Monday, October 22, 2007

Japan Day 2: Osaka Castle, Temples, a Graveyard, and Okonomiyaki

My second day in Japan, Stephanie took me to see Osaka Castle. It's in a lovely park. The first thing you see, castle-wise, is the outer moat.
Then you walk through a giant gate, turn left, and walk through another giant gate.
Second gate with omnipresent schoolchildren.

There's still a great deal of space within the gates and we wandered around, looking at a small temple with a rock garden, taking pictures with those 2 dimensional figures that have holes where their faces should be so you can stick your head there, and eating lunch.

And after seeing that, we went to the main attraction.
The first thing you do upon entering Osaka Castle is go up to the observation level where you can get a 360 degree view of the city. That level also has these beautiful black and gold decorations:
Apparently it's what the castle used to look like.

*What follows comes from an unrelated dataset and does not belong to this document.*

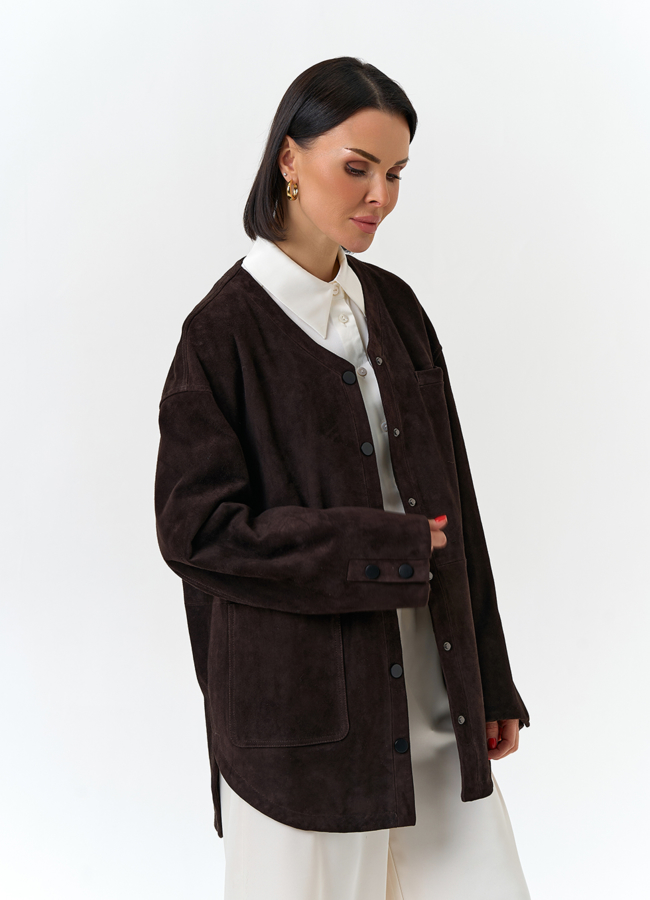 Удлиненная куртка из натуральной замши модель № 32534 универмаг малина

Inside is a museum devoted to the history of the castle. Particularly that of original builder Toyotomi Hideyoshi and his resistance toward the shogunate. The museum has the neatest dioramas I've ever seen. Basically they have these three dimensional dioramas within which there are transparent video or projection screens (I'm not sure which). On the screens they show actors portraying various events. Each diorama lights up in sequence as you go around the room. Of course this doesn't photograph very well, but the picture below should give you some idea of what I'm talking about. I loved these things.
Beyond the dioramas they have letters from Hideyoshi, decorative items from the castle, armor, mock-ups of battles and various other things.
Part of a tiger that used to decorate the exterior of the castle.

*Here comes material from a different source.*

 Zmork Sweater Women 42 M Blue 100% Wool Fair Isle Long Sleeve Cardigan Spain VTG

Steph had a private lesson to teach, so I was on my own for the afternoon. I took the subway back to her neighborhood and then checked out a small shrine and graveyard before going to see the huge temple across the street from her house. Shittenoji was essentially the first of a great many temples I saw while in Japan, but was actually rather different than many of them because it feels more like a working temple than a tourist attraction.
Just one part of the giant temple.
Dippers to rinse your hands and mouth (I felt that rinsing my hands was enough).

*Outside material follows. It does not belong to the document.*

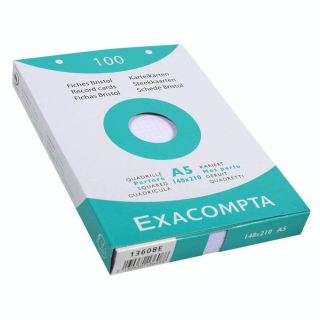 Fiche Bristol blanc Q 5x5 100 feuilles Perforées - Exacompta - Rougier et Plé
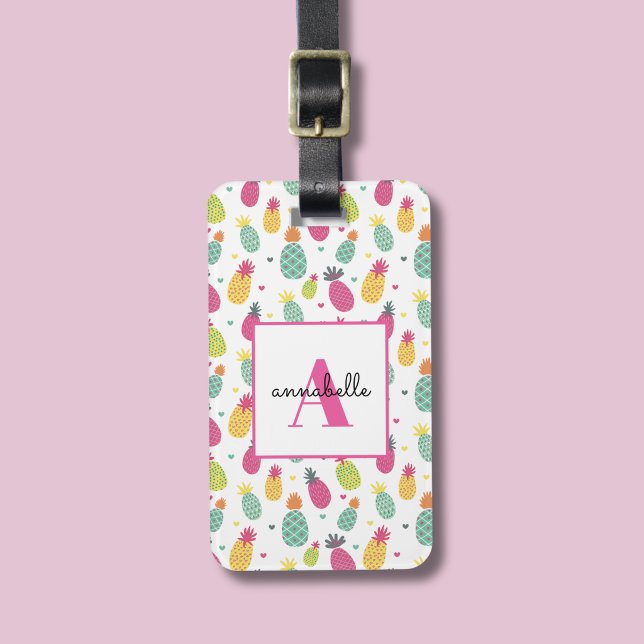 Monogram Tropical Pineapple Personalized Pattern Luggage Tag (Pineapple tropical personalized monogram luggage tag. )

In the evening we went to eat an Osaka specialty called okonomiyaki. It's basically cabbage, egg, some kind of sauce, and I don't know what else. You can request certain things be put in it. Steph and I had it with cow meat because we wanted to stick with something she recognized the kanji for. There's a grill at each table and they cook it right in front of you.
Fussy eater or not, all that cabbage can't be too bad
Okonomiyaki once cooked . . . we skipped the fish flakes and mayo.

We also got yakisoba which I liked rather better than the okonomiyaki.

Unfortunately, we hadn't realized what was going to be in it since there were no pictures or English menus here, and this place didn't have the ubiquitous fake food either. So there were some leftovers.
Still, by my standards it was a pretty adventurous day.